LCS dikelilingi oleh beberapa negara seperti China, Malaysia, Brunei, Filipina, Taiwan, dan Vietnam yang saling berseteru dalam memperebutkan wilayah di LCS. Konflik semakin memanas ketika China mengeluarkan peta dengan sembilan garis putus yang mereka klaim sebagai wilayahnya. Selain itu, China juga mengklaim wilayah LCS yang tumpang tindih dengan Zona Ekonomi Eksklusif Indonesia di Laut Natuna Utara.
Untuk mengatasi konflik ini, Indonesia melakukan penguatan kekuatan militer dengan memprioritaskan peningkatan alutsista dan sarana prasarana TNI. Upaya diplomasi juga dilakukan melalui ASEAN-China dengan kesepakatan untuk menyelesaikan perundingan mengenai Code of Conduct di LCS dalam waktu 3 tahun.
Pengamat militer menyarankan Indonesia menggunakan diplomasi militer dengan menjadikan TNI sebagai ujung tombak dalam meredam konflik di LCS. Diplomasi militer dapat dilakukan melalui latihan perang bersama, pertukaran prajurit, dan kerjasama dalam menjaga pertahanan. Selain itu, penting untuk menjaga teritorial laut Indonesia dengan teknologi canggih seperti sistem deteksi bawah laut.

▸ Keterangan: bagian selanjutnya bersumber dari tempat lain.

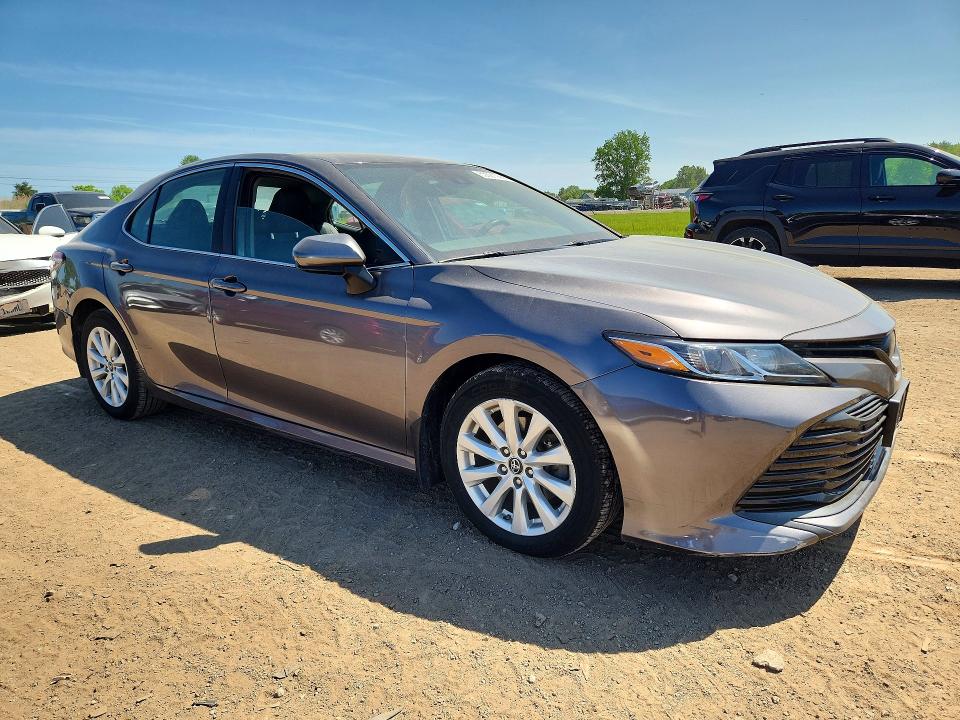 2019 Toyota Camry მანქანა იყიდება აუქციონზე, vin: 4T1B11HK0KU229514, აუქციონის ნომერი: 55521066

Pertemuan terbaru antara Indonesia dan China, yang melibatkan Menteri Pertahanan Prabowo Subianto, merupakan upaya untuk menjalin kerjasama antar negara dan membahas perdamaian di LCS. Walaupun China sering mengklaim wilayah di LCS, upaya diplomasi dan penguatan militer terus dilakukan untuk menciptakan perdamaian kawasan.
Dengan konsistensi Indonesia sebagai penengah dalam konflik di LCS, diharapkan perdamaian yang diinginkan oleh Indonesia dan negara ASEAN lainnya dapat terwujud.